- [About this exercise]
The required output is the stretch from the line containing "Mucent Aren Two-Pocket" through the line containing "Bont - Textuur" in the records below, unaltered and with no pictures.

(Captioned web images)
::::
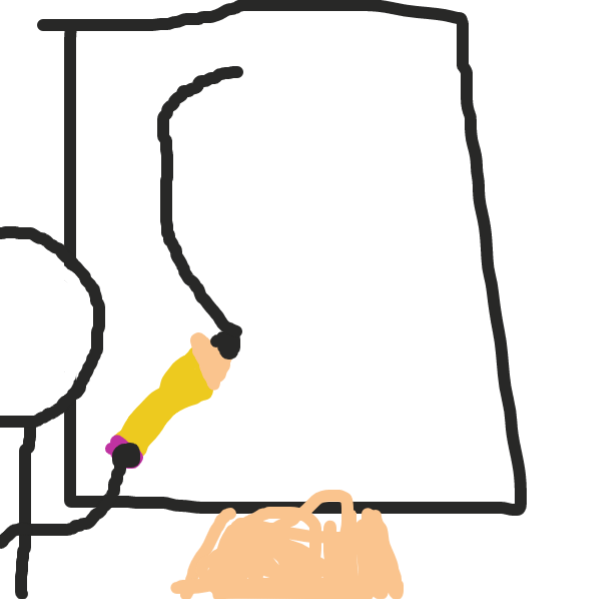 the person starts his drawing - Online Drawing Game Comic Strip Panel by Duncan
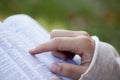 Woman Reading the Bible. Royalty Free Stock Photo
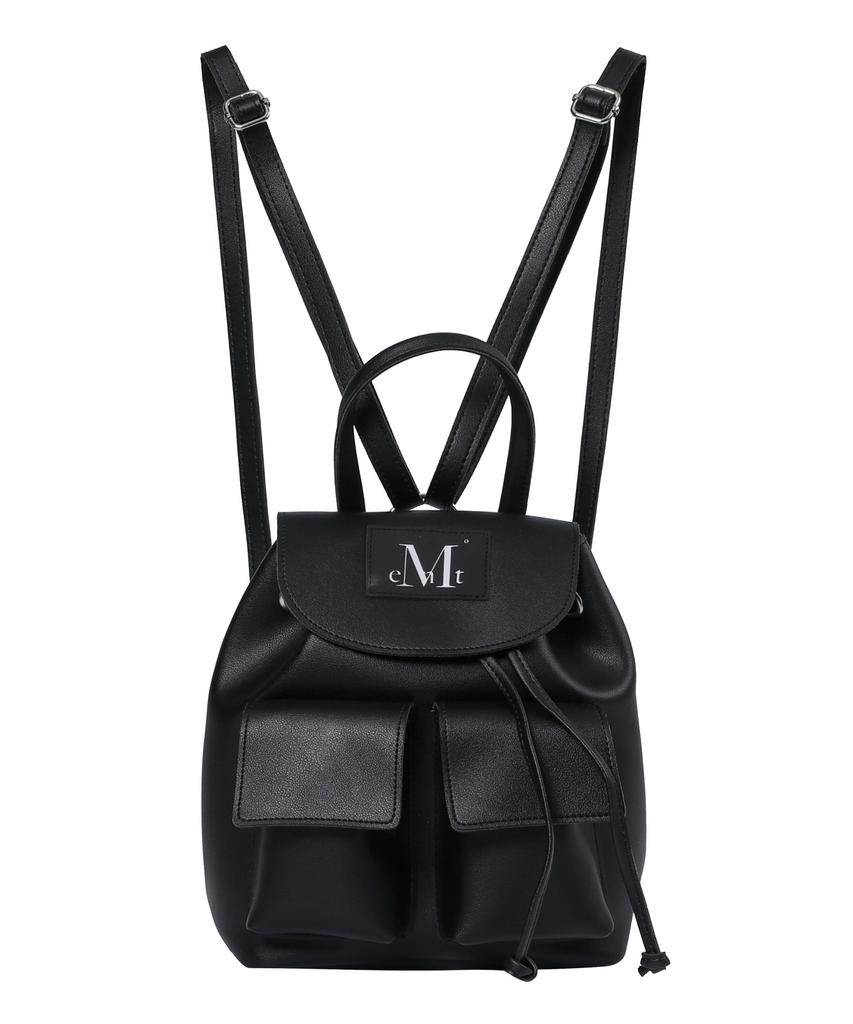 Mucent Aren Two-Pocket Leather Mini Backpack Unisex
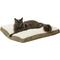 Show in main carousel: Frisco Faux Suede Pillow Cat & Dog Bed with Removable Cover, Khaki Green, Medium slide 3 of 10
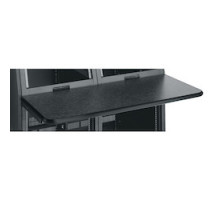 MIDDLE ATLANTIC PRODUCTS  WS1-S18-GBF   Work Surface, Black Trim, Finished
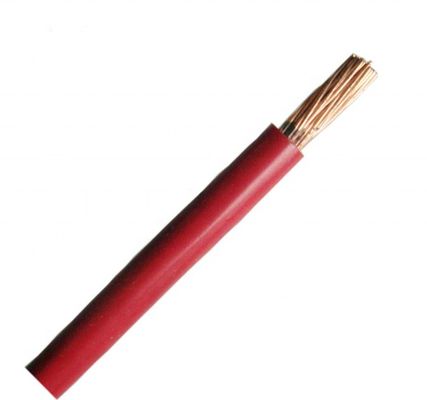 Tamaño personalizado de 2,5 mm de cable aislado de cobre y PVC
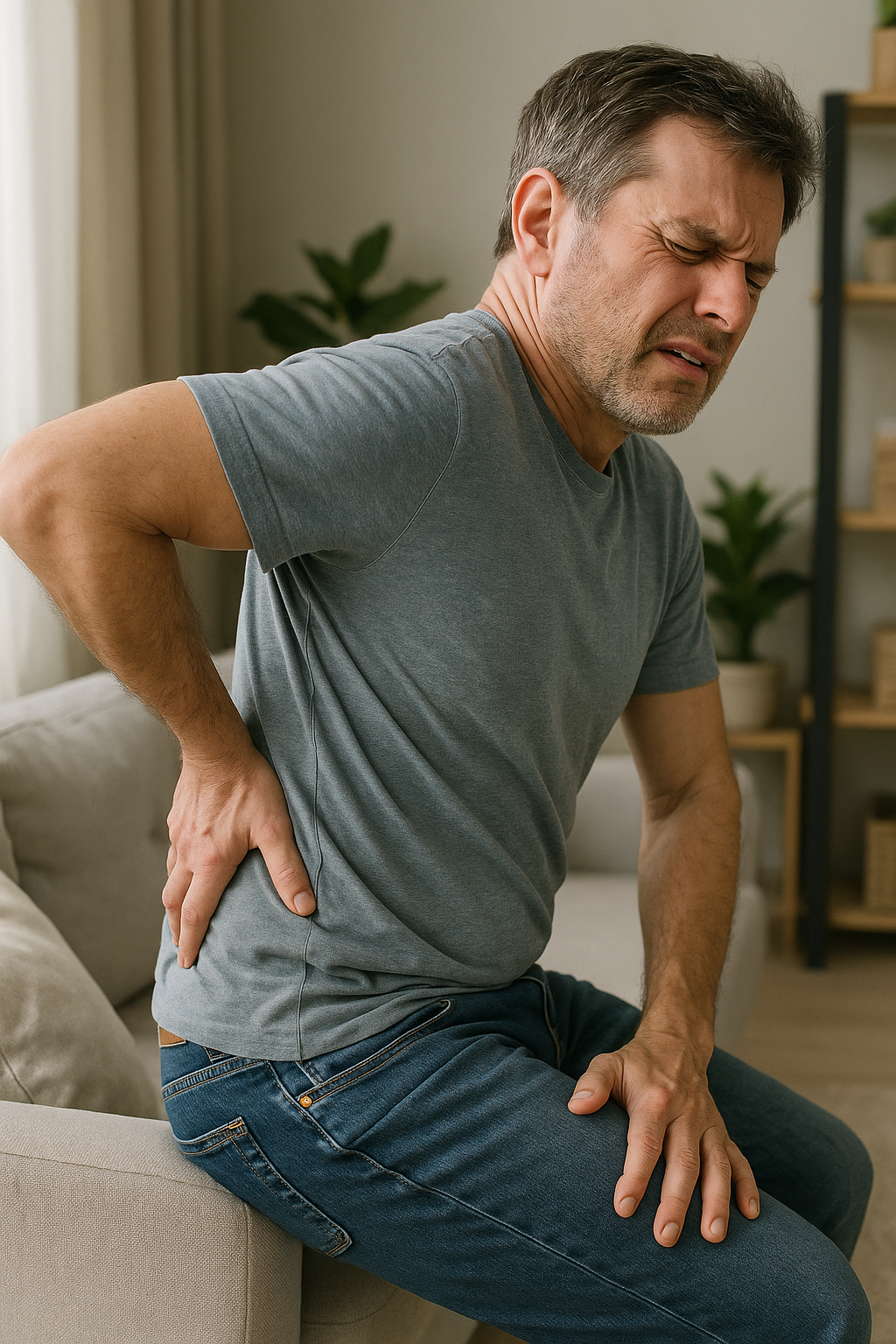 Einseitige lendenschmerzen verstehen und lindern: Ursachen und Lösungen - Illustration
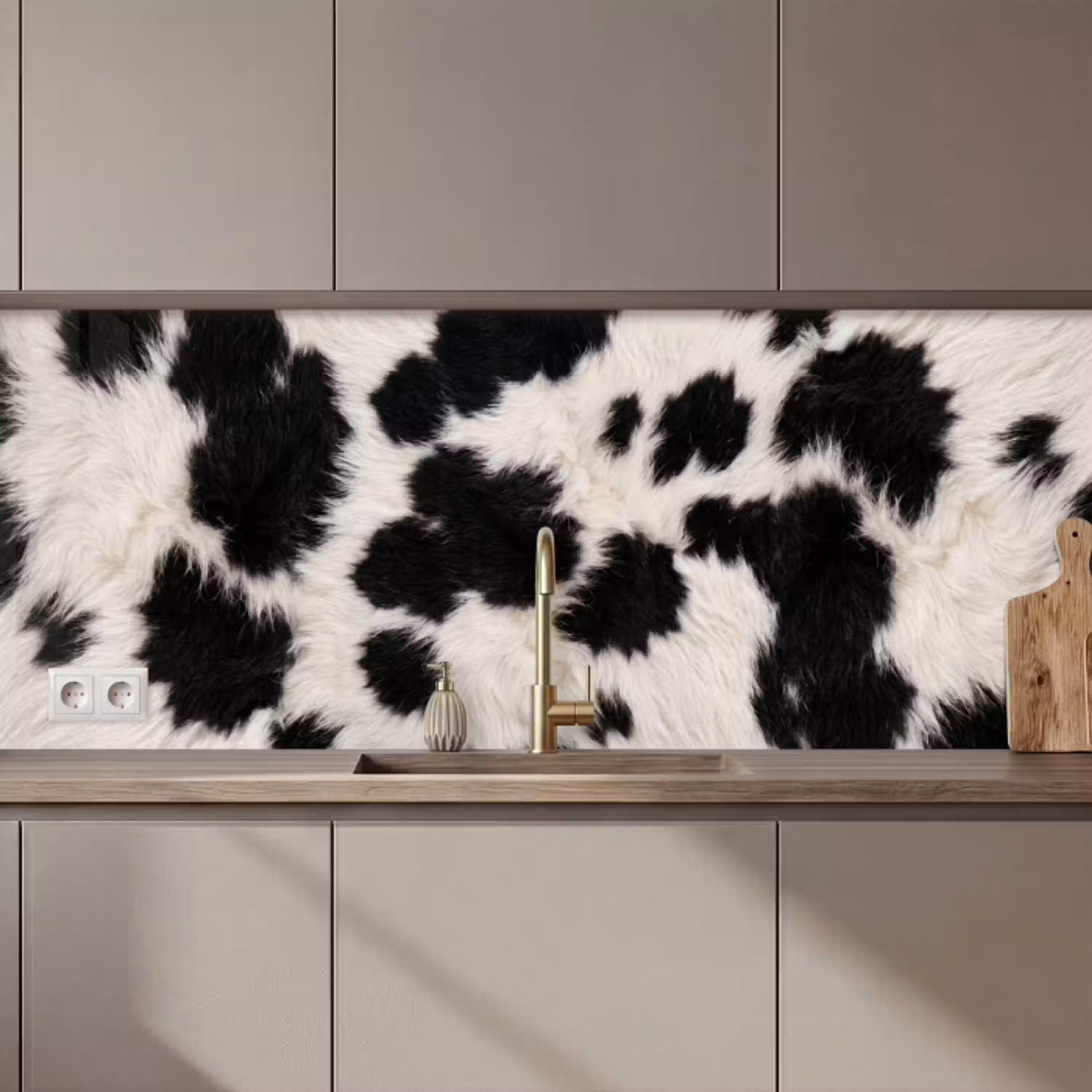 Bont - Textuur - Zwart - Wit keuken achterwand 2 middel zz_3dshopping
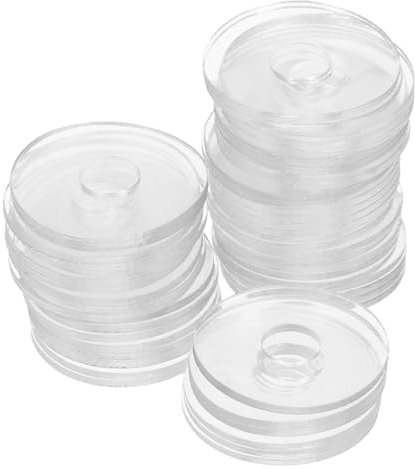 TOPBATHY 50piezas Juntas Transparentes Arandelas De Fijación De Tornillos Para Manijas De Ducha Arandelas De Vinilo Para Uso Baño Junta De Sellado Para Accesorios De Hogar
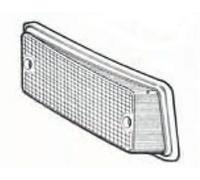 Lente trasparente anteriore bianca passeggero - dx per Fiat 126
::::
- [Worked solution]
 Mucent Aren Two-Pocket Leather Mini Backpack Unisex
 Show in main carousel: Frisco Faux Suede Pillow Cat & Dog Bed with Removable Cover, Khaki Green, Medium slide 3 of 10
 MIDDLE ATLANTIC PRODUCTS  WS1-S18-GBF   Work Surface, Black Trim, Finished
 Tamaño personalizado de 2,5 mm de cable aislado de cobre y PVC
 Einseitige lendenschmerzen verstehen und lindern: Ursachen und Lösungen - Illustration
 Bont - Textuur - Zwart - Wit keuken achterwand 2 middel zz_3dshopping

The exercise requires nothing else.